Note: code referenced available in GitHub
Background
Since I realized development is still a discipline of the computers science, no matter at what level your programming skills are, I was looking for a small project that allows me to study programming itself, its relationship with maths, and the developer behaviour itself.
Couple of days ago, my colleague (and friend), Zeph proposed to me an exercise. It was born as a job interview exercise, but I realized that it was complex enough to be interesting, tricky and funny at the same time.
Goal / Target
What I will try to do over the next lines is to explain the exercise itself, then create a simple first solution.
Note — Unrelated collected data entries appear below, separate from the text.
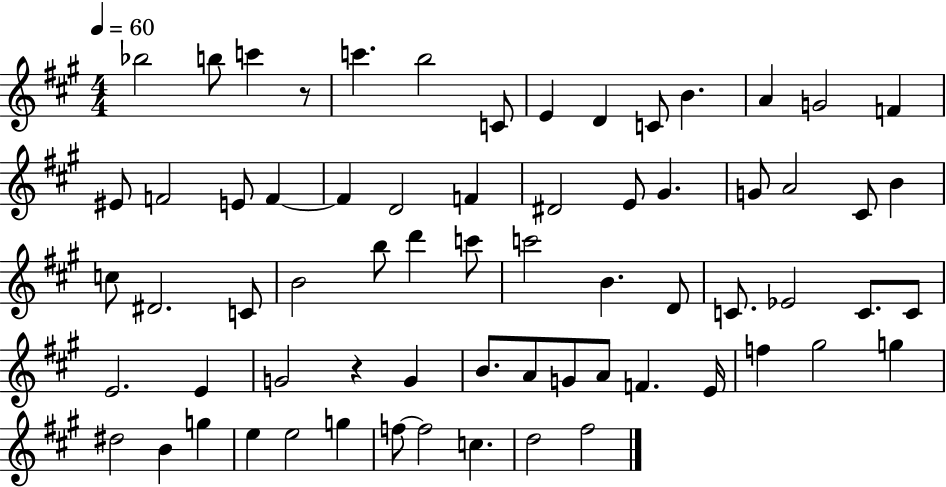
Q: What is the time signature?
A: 4/4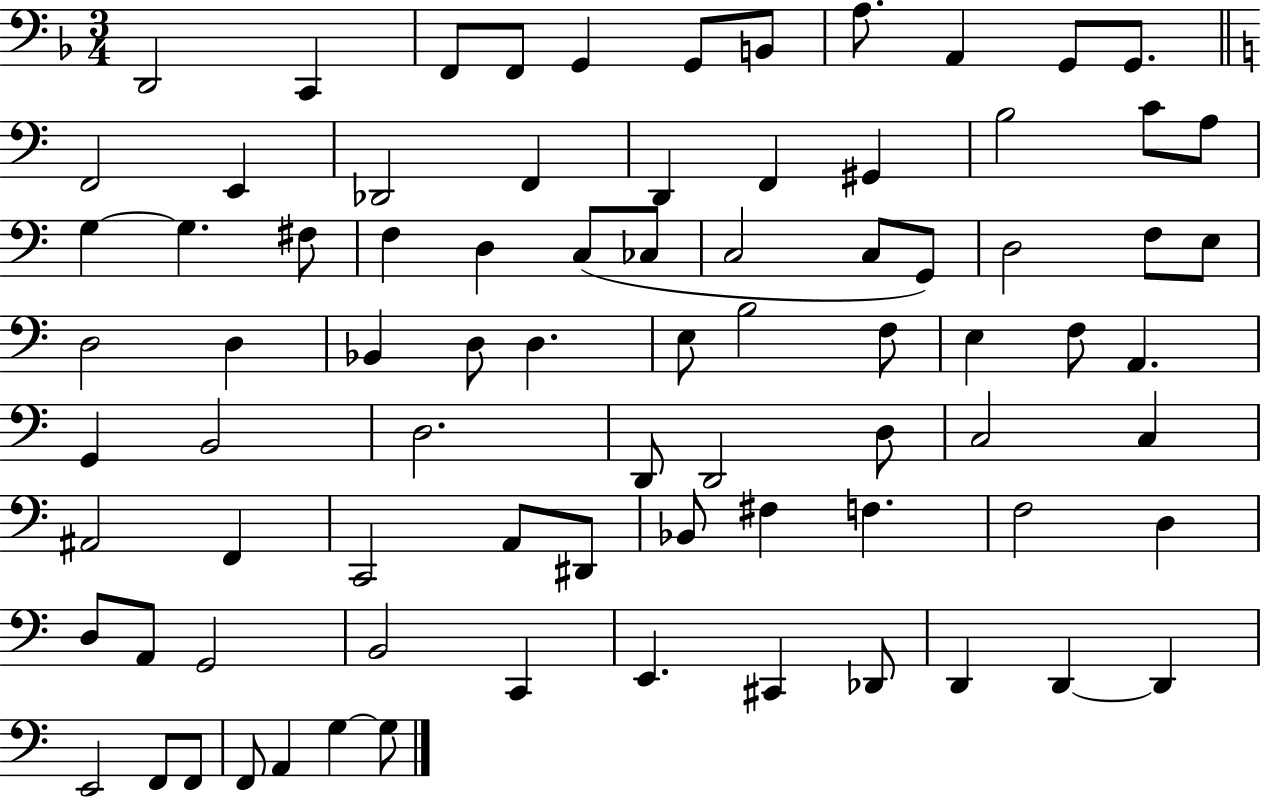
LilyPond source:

{
  \clef bass
  \numericTimeSignature
  \time 3/4
  \key f \major
  d,2 c,4 | f,8 f,8 g,4 g,8 b,8 | a8. a,4 g,8 g,8. | \bar "||" \break \key c \major f,2 e,4 | des,2 f,4 | d,4 f,4 gis,4 | b2 c'8 a8 | \break g4~~ g4. fis8 | f4 d4 c8( ces8 | c2 c8 g,8) | d2 f8 e8 | \break d2 d4 | bes,4 d8 d4. | e8 b2 f8 | e4 f8 a,4. | \break g,4 b,2 | d2. | d,8 d,2 d8 | c2 c4 | \break ais,2 f,4 | c,2 a,8 dis,8 | bes,8 fis4 f4. | f2 d4 | \break d8 a,8 g,2 | b,2 c,4 | e,4. cis,4 des,8 | d,4 d,4~~ d,4 | \break e,2 f,8 f,8 | f,8 a,4 g4~~ g8 | \bar "|."
}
With that solution, I will explore its issues and iterate over the code to make improvements giving math arguments, in order to find the best solution I am able to. In the process, what I will try to focus, is also my interaction with the code.
Scenario
Let’s suppose we have to implement a class with two methods: add(n), and check(n) bool, where:
add(n) -> sets Availables = {a1, a2, … an} ∪ N={n}.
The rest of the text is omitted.